Crowds gathered in Tokyo broke into wild cheers, despite the result coming in the early hours of Sunday morning nearly a dozen time zones away.
Japan's Prime Minister Shinzo Abe had earlier flown in to the Argentine capital from the G20 summit in St Petersburg, Russia, to reassure nervous members about the safety of the nuclear plant some 220km from the city and fears about the leaking of contaminated water.
He told delegates that the situation was "under control", adding: "It has never done or will do any damage to Tokyo."
Fukushima operator the Tokyo Electric Power Co also played down fears of a possible spread of radiation in a separate message.
The final result in the Argentine capital on Saturday was 60 votes for Tokyo against 36 for Istanbul, said the IOC.
Tokyo - third in the vote for the 2016 Games won by Rio de Janeiro - had been the frontrunners originally, as they promised a safe and financially secure Games in what they termed "uncertain times".
The decision means it will be the fourth time that Japan hosts the Olympics, having also organised winter Games in Nagano (1998) and Sapporo (1972).
Asia will also see successive Olympics, as the South Korean resort of Pyeongchang is hosting the 2018 winter edition.
Madrid had looked to be the city with the momentum coming into the final week after an outstanding presentation to IOC members in Lausanne in July - and were hoping that like Rio de Janeiro for the 2016 race, they could go on to win.
But it was not enough, even with 28 of the 35 venues built and all the infrastructure in place plus a positive assessment by the IOC Evaluation Commission - the only IOC members allowed to visit the bid cities - over their relatively low budget.
Doubts about Spain's recession-hit economy persisted to the end and not even some more upbeat news on the issue recently and Prime Minister Mariano Rajoy's pledges that financing would not pose problems convinced enough members that they could deliver.
Istanbul had been hoping Turkey would become the first predominantly Muslim country to host the quadrennial sporting extravaganza.

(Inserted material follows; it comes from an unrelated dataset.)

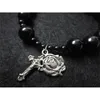 Black Nature Agate Rosary Beads Bracelet Gift Religious Nature Stone Prayer Beads Rosaries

But despite a passionate and dynamic campaign trading on bridging two continents and two cultures as well as an evocative "wake up in Asia compete in Europe" slogan, their bid was hampered in June.
Several IOC members were unimpressed by the heavy-handed way that the Ankara government handled anti-government protests that escalated from opposition to the redevelopment of an Istanbul park.
There was also nervousness surrounding the fallout from the bloody civil war in neighbouring Syria.